Same thing happened to me at Whitefish in Montana last year. It was so foggy I couldn't see anything, I lost sight of the orange markers they put up in foggy weather. I didn't even think I was moving until fell off a slight drop off (only like a foot or two) and bit my damn tongue. :blink:


----------



## vknyvz (Jan 23, 2013)

Casual said:


> Rose/orange lenses can help increase contrast but its always going to be difficult. Experience can help but if you can see you cant see.




i second that an experienced friend told me the same thing, gave me his goggles once and voila that really improved my visibility, I only have one goggles which is black too


----------



## Casual (Feb 9, 2011)

LuckyRVA said:


> Same thing happened to me at Whitefish in Montana last year. It was so foggy I couldn't see anything, I lost sight of the orange markers they put up in foggy weather. I didn't even think I was moving until fell off a slight drop off (only like a foot or two) and bit my damn tongue. :blink:


Ya whitefish can be so bad, not even just snow but like you said...fog fog fogging fog. I don't care what color lens you have you can't shit. I fell off a 6ft drop on a toeside carve and landed on my chest/face... luckily just in pow.

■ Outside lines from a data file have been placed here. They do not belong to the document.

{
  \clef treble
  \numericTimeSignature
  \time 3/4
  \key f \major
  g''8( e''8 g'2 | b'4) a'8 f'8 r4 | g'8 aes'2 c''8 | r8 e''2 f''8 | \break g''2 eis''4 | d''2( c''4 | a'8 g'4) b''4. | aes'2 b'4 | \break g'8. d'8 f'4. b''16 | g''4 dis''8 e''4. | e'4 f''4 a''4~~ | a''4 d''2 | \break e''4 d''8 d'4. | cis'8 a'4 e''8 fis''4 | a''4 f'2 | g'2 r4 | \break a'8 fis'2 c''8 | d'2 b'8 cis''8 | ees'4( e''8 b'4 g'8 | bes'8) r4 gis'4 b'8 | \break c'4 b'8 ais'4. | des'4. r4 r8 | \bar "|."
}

At Fernie I was following ski tracks in a bowl coming out the bottom, couldn't see anything but these tracks... until they ended! I dropped off a 10-15' drop I was completely unprepared for and landed in a deep pow collection, must have been a small waterfall so it was a dugout/pit and took me 45 min to hike out of it.

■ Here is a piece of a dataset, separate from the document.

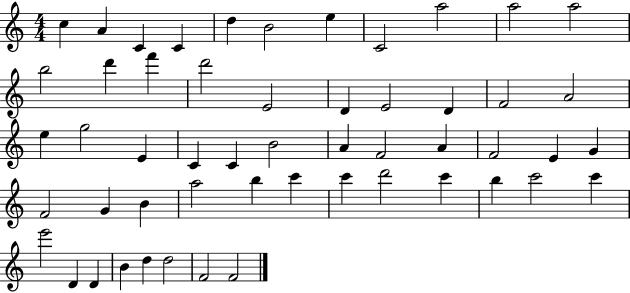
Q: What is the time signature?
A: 4/4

Moral of the story is sometimes you just can't see shit.


----------



## wrathfuldeity (Oct 5, 2007)

besides lens and hitting the trees....it bat radar...ride low and loose and know where ur going. besides if its heavy snow...its free re-fill time and stick to a known line and go for it


----------



## NWBoarder (Jan 10, 2010)

Proper lenses and knowing the terrain will take you a long way, but as everyone has said, sometimes, you just can't see shit. No matter what. That's when you just stay loose and ride by brail.


----------